== Problem requirements ==
The line with "carrozzina per disabili" and each line following it, up to the final line of the data, should be set down exactly; pictures stay out.

================================

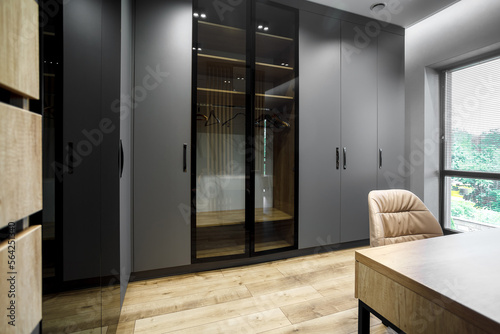 Modern gray scandinavian loft wood walk in closet with wardrobe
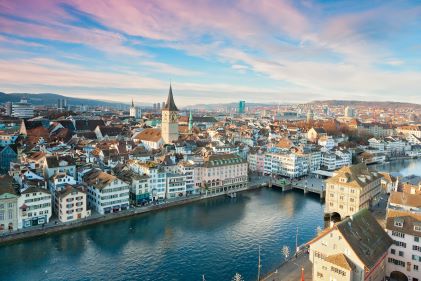 Gorgeous aerial view, snow-covered city, river running through, wintery painted skies overhead, Zurich, Switzerland.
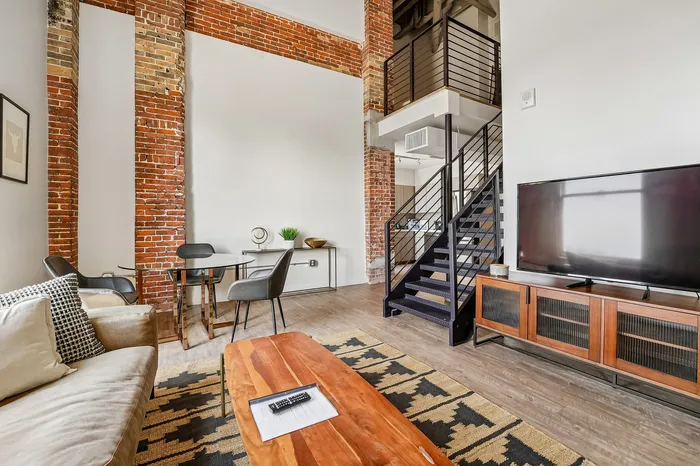 Chic industrial-style loft with exposed brick, modern staircase, cozy seating, and a sleek entertainment center.
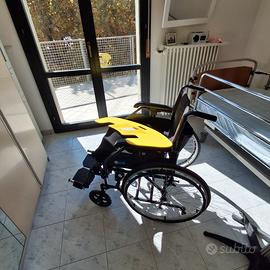 carrozzina per disabili  pieghevole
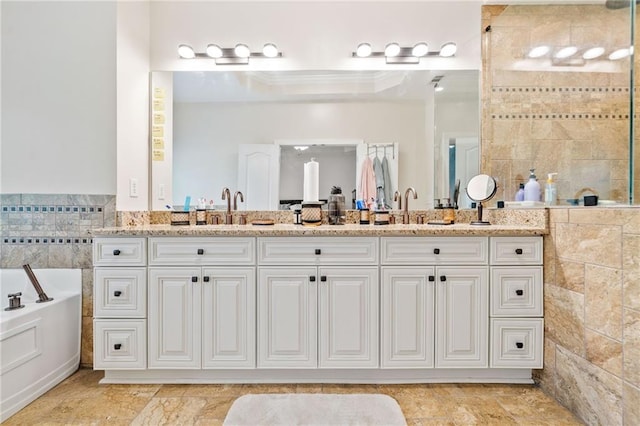 286 Blue Pointe Ct, Suwanee, GA 30024 - full bathroom with a bath, double vanity, a tile shower, tile walls, and ornamental molding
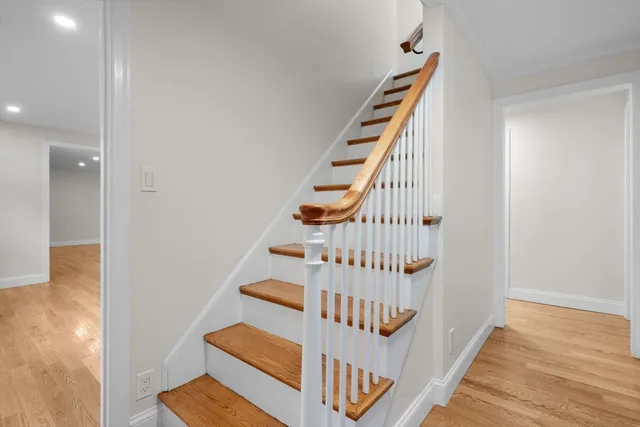 a view of entryway with wooden floor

================================

== Exercise solution ==
 carrozzina per disabili  pieghevole
 286 Blue Pointe Ct, Suwanee, GA 30024 - full bathroom with a bath, double vanity, a tile shower, tile walls, and ornamental molding
 a view of entryway with wooden floor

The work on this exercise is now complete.